___ MATERIAL PROVIDED ___

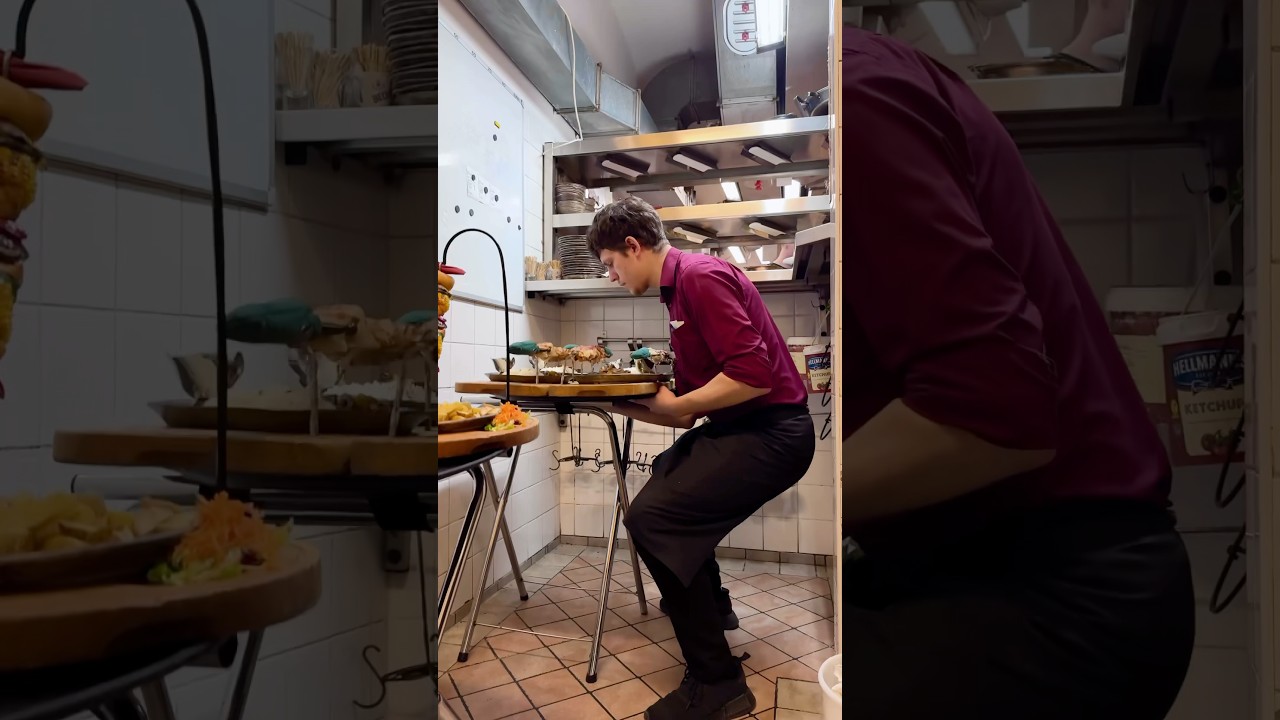 Food runner Ivan carrying two full trays with absolute precision. A true master at work!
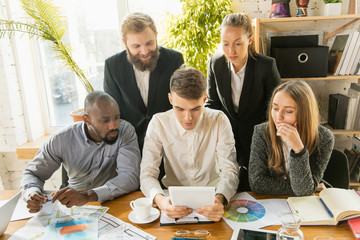 Group of young business professionals having a meeting. Diverse group of coworkers discuss new decisions, future plans and strategy. Creative meeting and workplace, business, finance, teamwork.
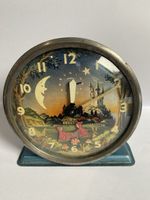 A vintage Westclox "Pixie" animated alarm clock from the 1950s.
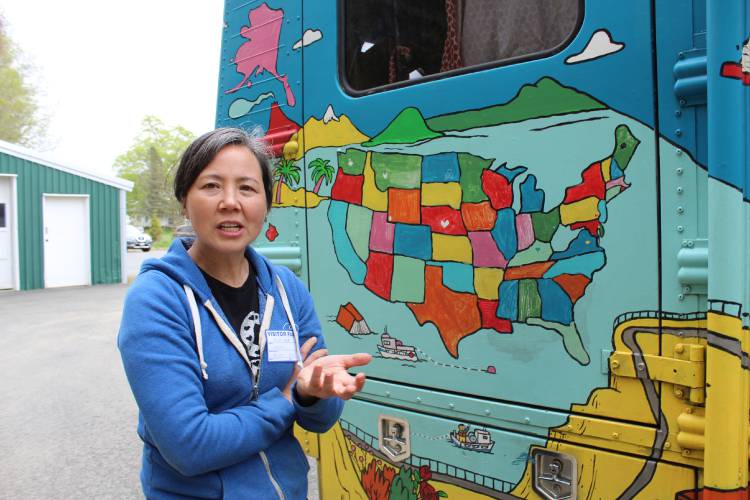 Children’s book illustrator Robbi Behr in front of the map she painted on a converted school bus that showcases the different locations across the country that the Busload of Books has visited.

___

- PROBLEM DESCRIPTION
Pictures are to be omitted. Print exactly the lines from the line containing "A vintage Westclox" through the final line of the material above, both included.

- RESULT BELOW
 A vintage Westclox "Pixie" animated alarm clock from the 1950s.
 Children’s book illustrator Robbi Behr in front of the map she painted on a converted school bus that showcases the different locations across the country that the Busload of Books has visited.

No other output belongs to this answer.